So, your job search has reached a successful conclusion and you are ready to start work. What should you expect? Here are a few pointers to help you settle in quickly and make a good first impression on your new employer.
Find out about our top tips:
You should have got a feel for what to wear at work during the interview process. If not, or if you are unsure, call ahead to ask for clarification. Remember that first impressions count, so if in doubt, dress smartly and continue to do so for at least your first 90 days.
On your first day, be sure you know where you have to go and allow plenty of time for your journey.
Don't be a clock-watcher. Remember that rushing out of your workplace at the end of the day looks really bad – check to see if anyone needs anything before you go.
To help you settle into your new job, most companies will use your first day or two as an induction to introduce you to the company, its policies and the way it operates. You will also get to meet the people you will be working with and better understand what you will be doing on a day-to-day basis. Use the opportunity to ask questions, clarify priorities and raise concerns.
Don't just take a break or go on lunch without checking first – you never know if an urgent deadline has come in or if someone needs your assistance. If you go to get a drink – it's nice just to check if anyone wants anything.
When you go to lunch or a break, ask someone. Apart from the fact that your manager is entitled to know where you are in working hours, if there is a fire drill while you are out, you must be accounted for. Also, in the event of a real emergency, your failure to communicate could cause someone to put themselves in danger unnecessarily.
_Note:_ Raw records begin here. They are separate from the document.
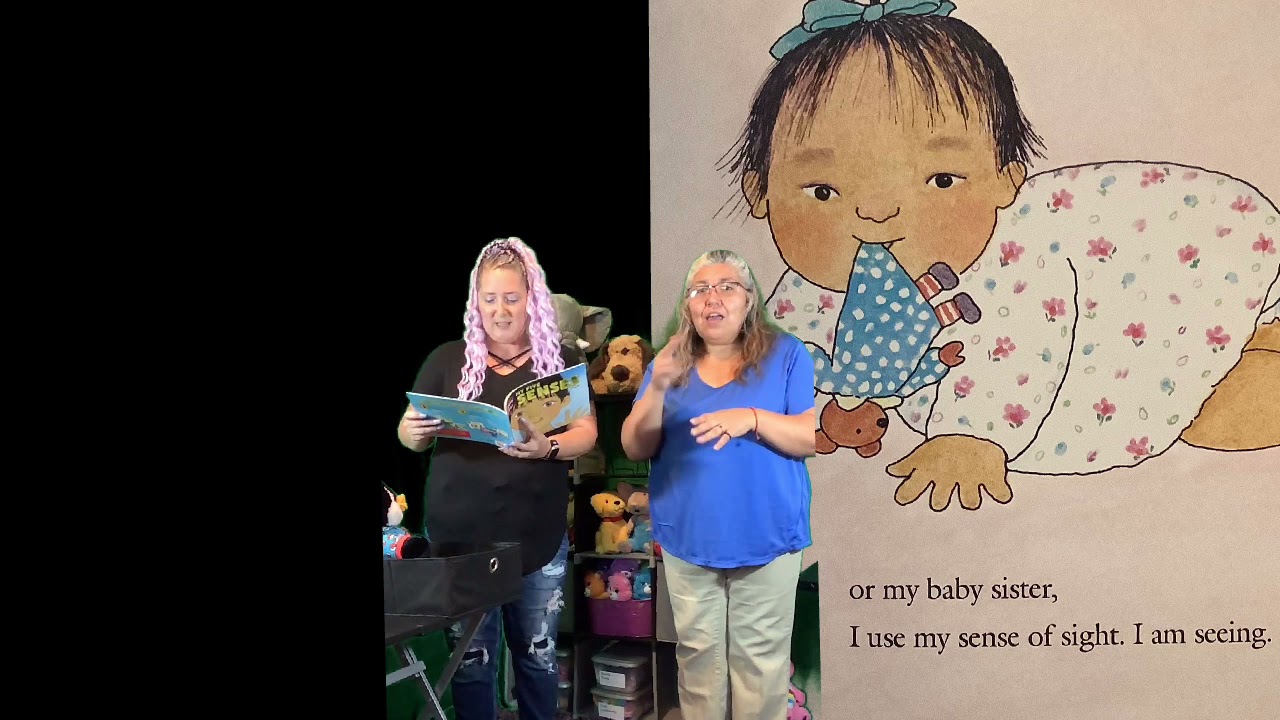Five Senses Asl LEARNING A SECOND LANGUAGE: The Five Senses Los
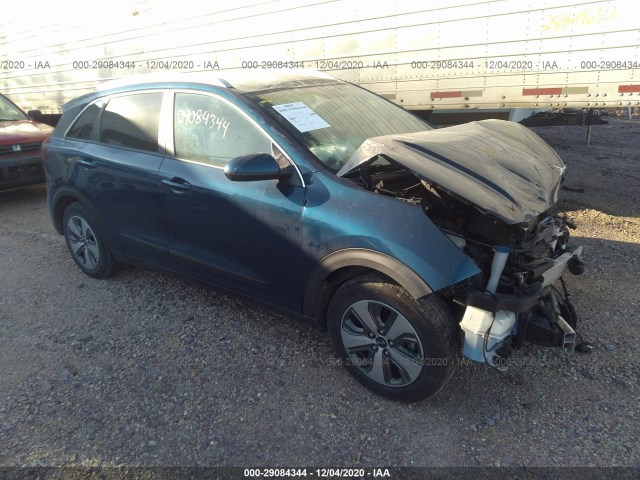 KIA NIRO 2019 kndcb3lc8k5242183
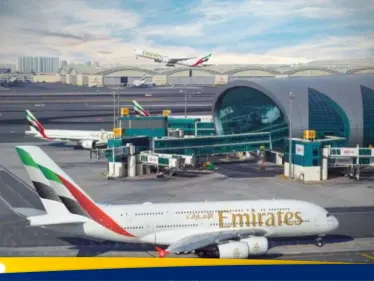 الإمارات تطلق "خدمات الشحن السريع" حول العالم وتستعد لحدث اقتصادي بارز - وكالة ستيب نيوز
Be proactive – if you have finished the work you've been given, seek out other tasks to complete or ask if anyone needs your help.
Keep your mobile phone on silent during office hours and do not disappear off to make long personal phone calls. Don't text or play with your phone during working hours.
Make sure you take notes in meetings (even if you don't think you need to!) and ask for help if you don't understand. Expect to get feedback on your performance in your first 90 days and take any criticism positively; learn from the experience of those around you and keep trying to progress. If feedback is not forthcoming, don't be afraid to ask for it.
Be polite, smile and try to remember the names of the people you meet. Don't alienate anyone by your behaviour and do try to meet people from different departments – you never know when you will need them! Make time to meet key people at all levels, above and below.
Employers can look you up online just like anyone else and so keep your personal and professional online personas separate and wisely control what can be easily accessed about you online. Think carefully about the content you are happy for anyone to see (on Facebook and blogs etc) and what is best saved for friends.
There have been incidents where graduates have been offered jobs, employers have seen their profiles and the offer was actually withdrawn – so be careful as it could happen to you.
You may have lots of new ideas in your first few weeks at work and want to suggest different ways of doing things. That's great, but take your time first to judge the lay of the land and the company's culture. As a guiding principle, take any advice you can get in the early days and don't offer too many opinions.
As an employee, you should receive an employment contract within two months of starting work. This will set down your main terms and conditions of employment: your rate of pay, how many days holiday you will get, your hours of work, etc. Your employer will need to check your right to work legally in the UK so you will need to bring your passport and work permit (if applicable) on your first day. Keep a copy of the signed contract in a safe place.
It is likely that your employment will be subject to a three or six month probationary period, during which your performance in the job will be monitored and reviewed to make sure you are suitable for the job.
At the end of the probationary period, your manager should have a meeting with you to let you know if you have successfully completed your probationary period. Different contractual terms (such as a longer notice period or perhaps a salary review) may apply on successful completion of the probationary period. Read your contract and ask if unsure.
Take part in social activities offered by your new company: they are a great way to get to know everyone better, make friends and feel like part of the team. If you don't feel comfortable with events involving alcohol then make other people aware of why that is the case and try to arrange something (going to a restaurant, a sporting activity) which is not centred around drinking.
If you have a P45 from a previous job, bring it with you on your first day. If you do not have a P45, ask your employer for a P46 form. You will need a P45 or P46 in order to be taxed at the correct rate.
If you're a student and you have a job, you'll have to pay National Insurance and Income Tax if you earn over a certain amount within a tax year.
Most employees are paid directly into their bank accounts and so bring your bank account details with you.
You employer is required to issue you with an itemised pay slip, which you should keep for your records.